The Dying Animal

The Dying Animal by Philip Roth, published by Knopf Doubleday Publishing Group on July 9, 2002, is a reprint edition comprising 176 pages in English. This work presents the story of David Kepesh, a prominent cultural critic and lecturer at a New York college, who becomes entangled in a complex affair with Consuela Castillo, the beautiful daughter of Cuban exiles. As Kepesh navigates this relationship, he confronts the tumultuous emotions of sexual jealousy and loss, challenging his previously maintained critical distance.
Readers will find that Roth explores themes of eros and mortality, as well as the interplay between license and repression. The narrative delves into Kepesh’s internal struggles as he grapples with the consequences of his desires and the vulnerabilities that come with them. This edition invites readers to engage with the psychological intricacies of human relationships, making it a significant addition to the realms of literary and psychological fiction.

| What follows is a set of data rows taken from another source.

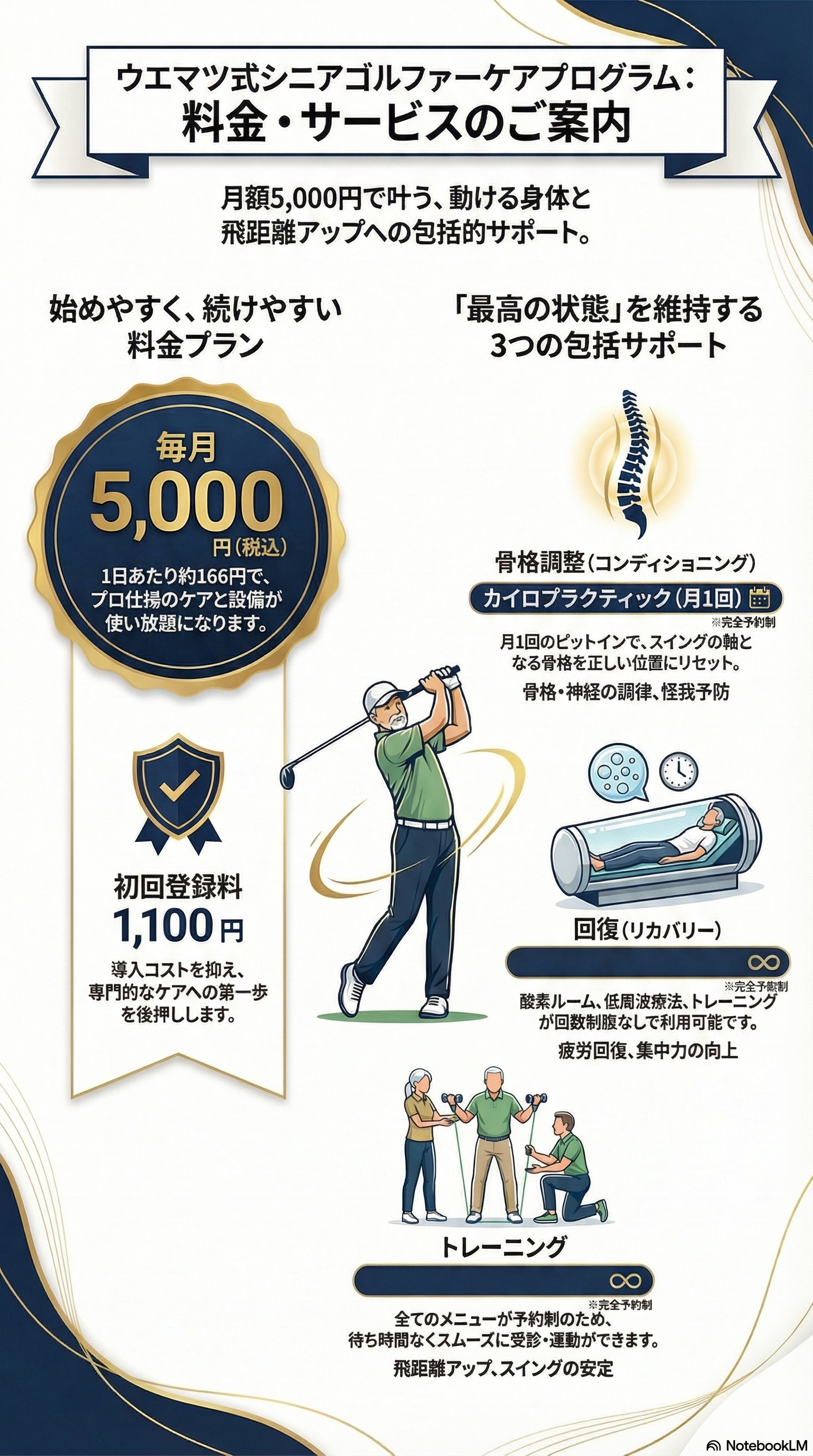 ゴルフ料金インフォグラフィック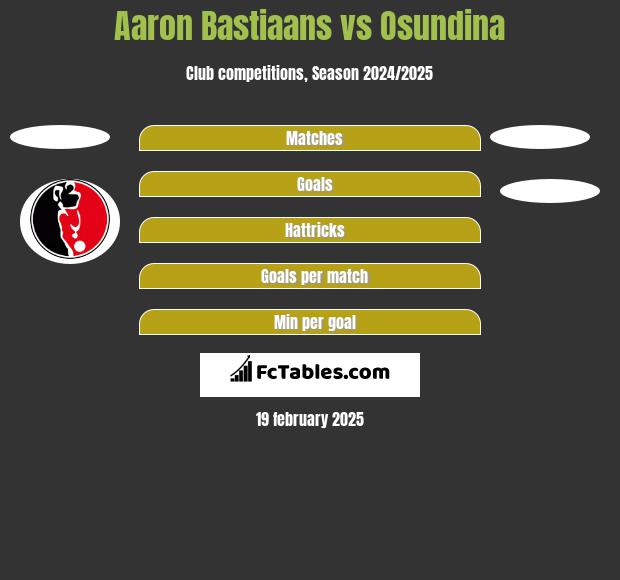 Aaron Bastiaans vs Osundina h2h player stats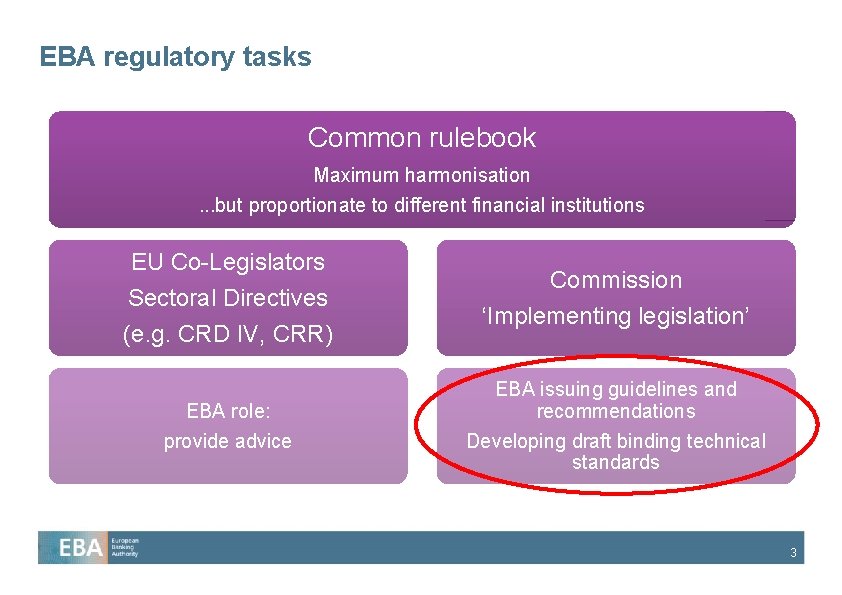 EBA regulatory tasks Common rulebook Maximum harmonisation. . . but proportionate to different financial EBA regulatory tasks Common rulebook Maximum harmonisation. . . but proportionate to different financial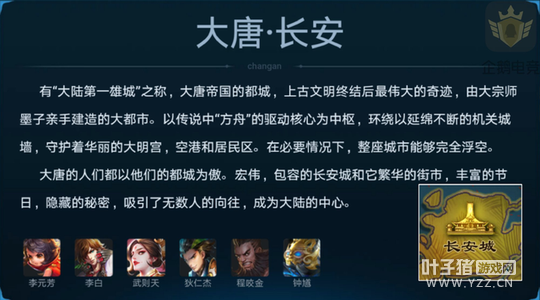 ��������ҫ���������Щ��Ӣ�ۣ�����ͼ��֪����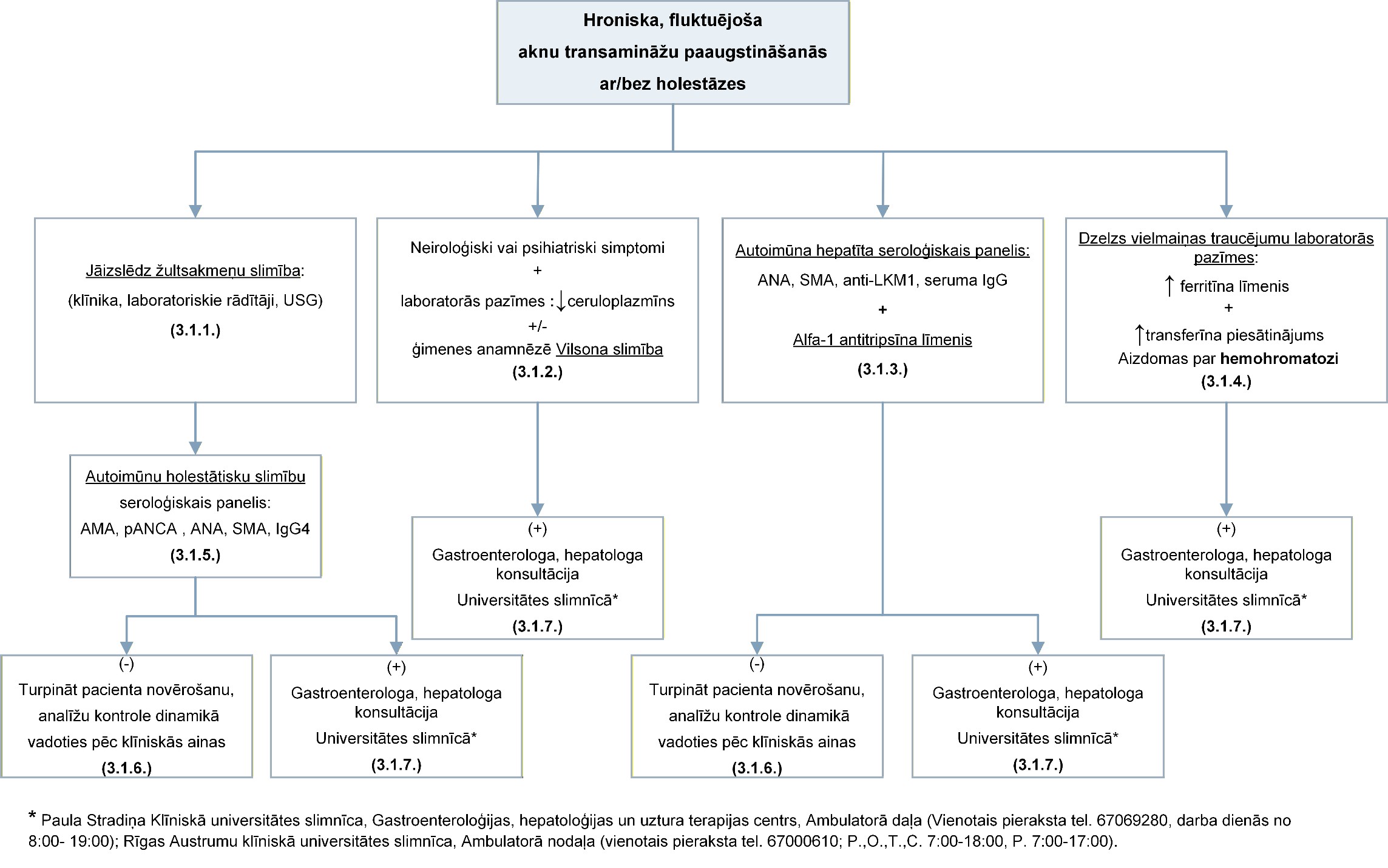 3. Diagnostikas algoritms veselības primārajā aprūpē ar aizdomām par aknu slimību pieaugušo vecumā (vecāki par 18g.v.)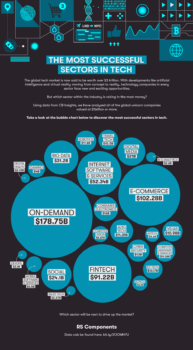 The Top 10 Most Successful Sectors In Tech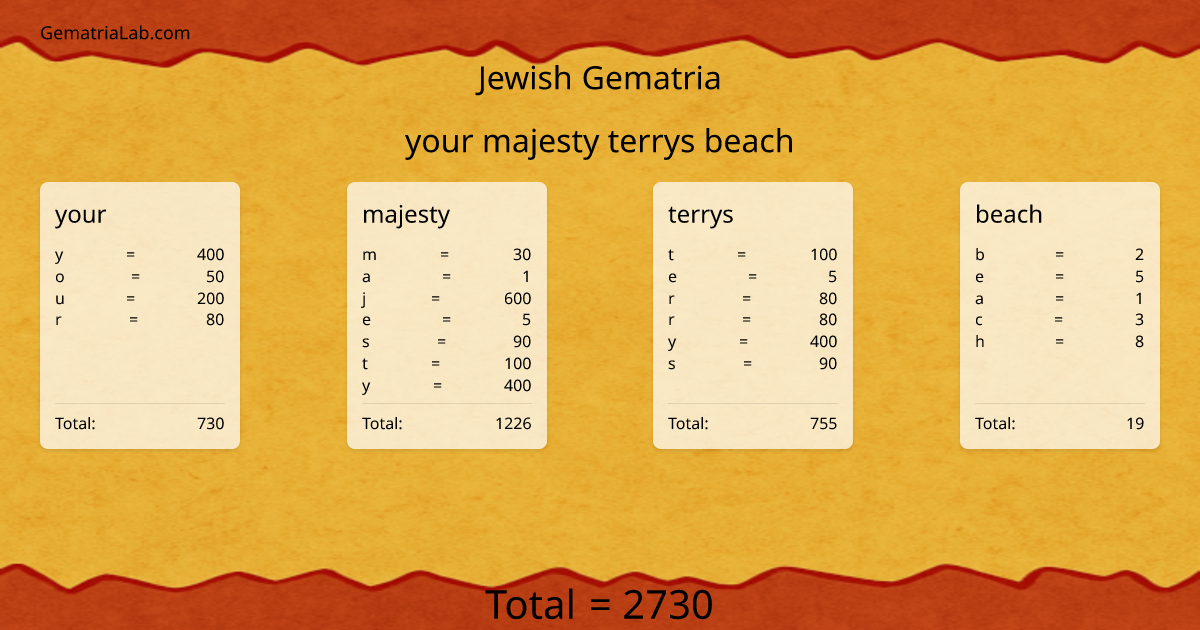 your majesty terrys beach in jewish Gematria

Official synopsis Publisher
The unforgettable story of an affair between a star lecturer at a New York college and the beautiful daughter of Cuban exiles—and the quagmire of sexual jealousy and loss that ensues—from the renowned Pulitzer Prize–winning author of American Pastoral.

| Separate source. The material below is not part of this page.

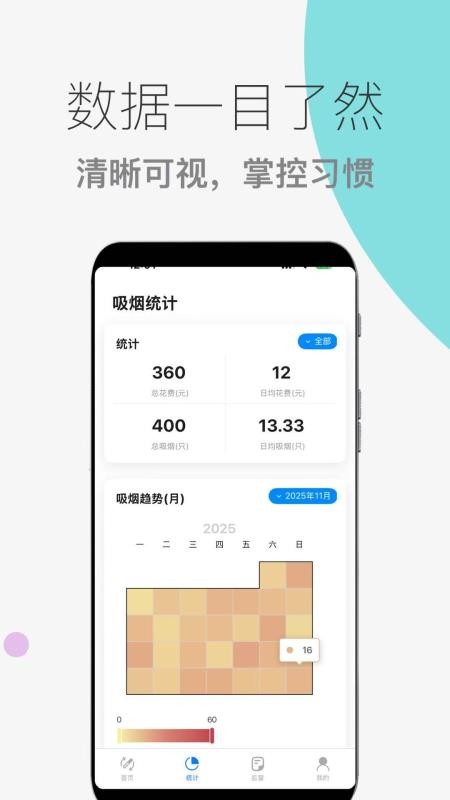 戒烟控烟助手官方版v1.0.96截图2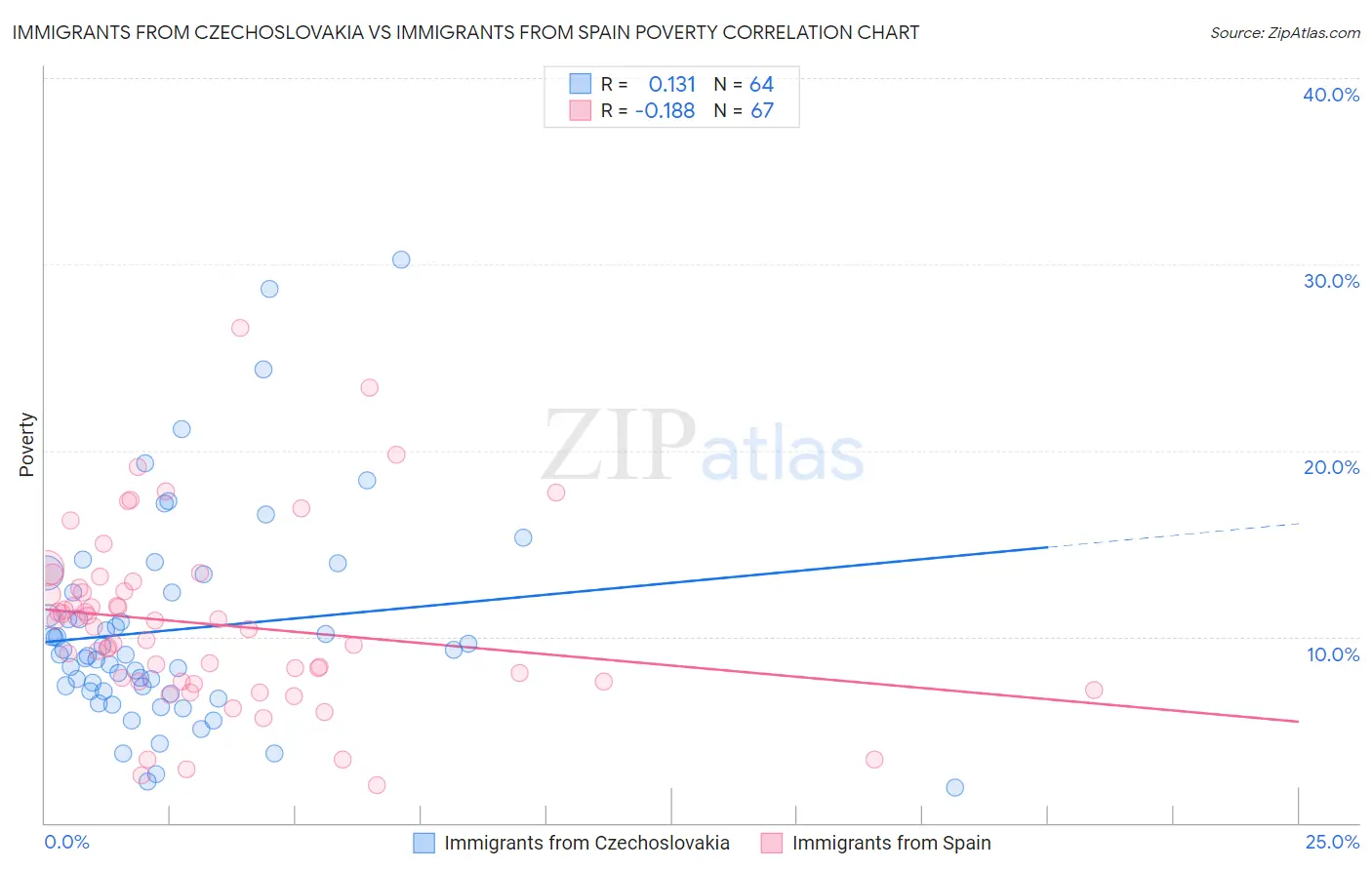 Immigrants from Czechoslovakia vs Immigrants from Spain Poverty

“[A] disturbing masterpiece.” —The New York Review of Books
No matter how much you know, no matter how much you think, no matter how much you plot and you connive and you plan, you’re not superior to sex. With these words our most unflaggingly energetic and morally serious novelist launches perhaps his fiercest book. The speaker is David Kepesh, white-haired and over sixty, an eminent cultural critic and star lecturer at a New York college—as well as an articulate propagandist of the sexual revolution. For years he has made a practice of sleeping with adventurous female students while maintaining an aesthete’s critical distance. But now that distance has been annihilated.

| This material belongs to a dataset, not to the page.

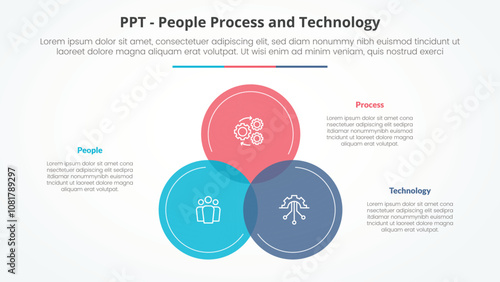 PPT framework infographic concept for slide presentation with big circle venn blending on center with 3 point list with flat style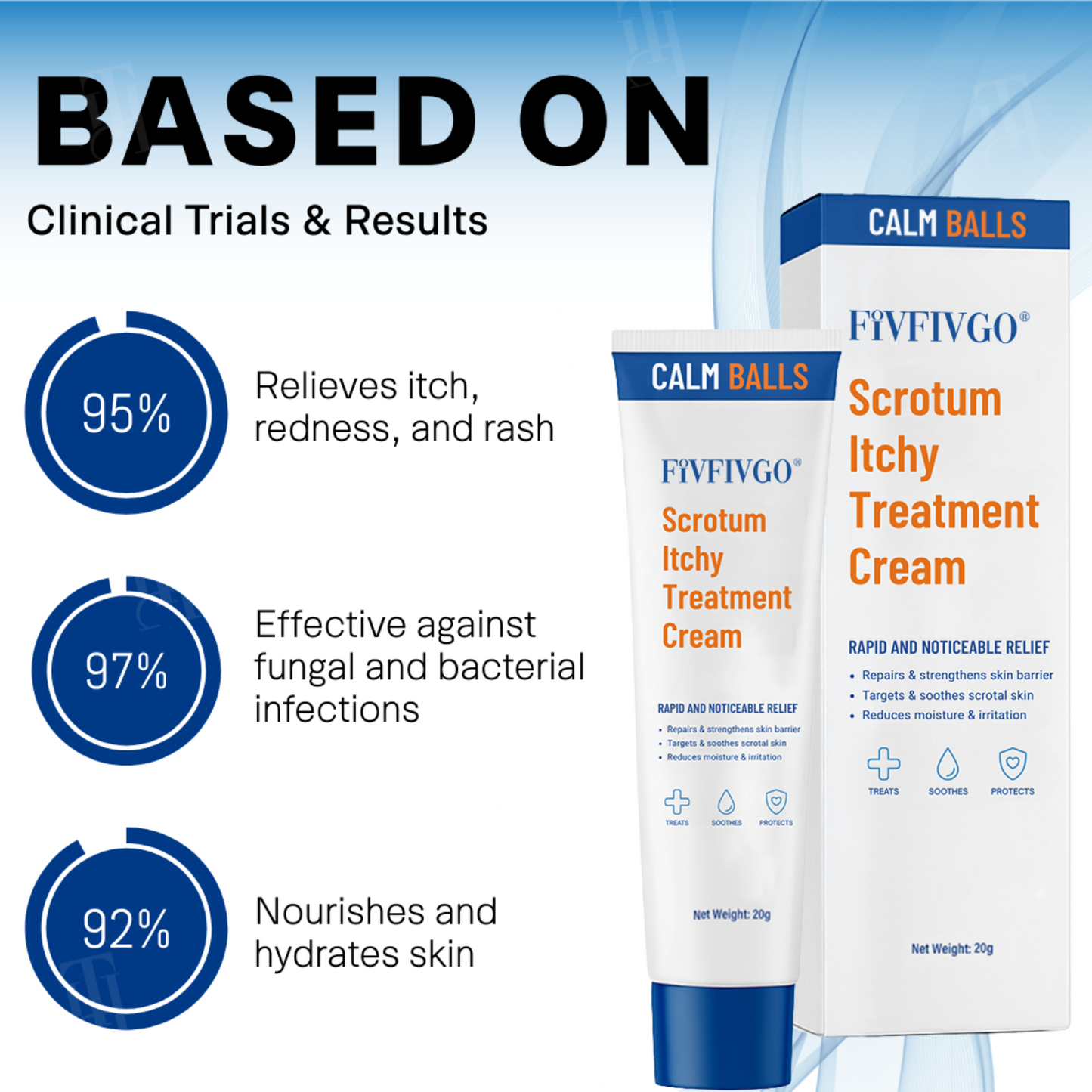 Scrotum Itchy Treatment Cream PRO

The agency of Kepesh’s undoing is Consuela Castillo, the decorous and humblingly beautiful 24-year-old daughter of Cuban exiles. When he becomes involved with her, Kepesh finds himself dragged—helplessly, bitterly, furiously—into jealousy and loss. In chronicling this descent, Philip Roth performs a breathtaking set of variations on the themes of eros and mortality, license and repression, selfishness and sacrifice. The Dying Animal is a burning coal of a book, filled with intellectual heat and not a little danger.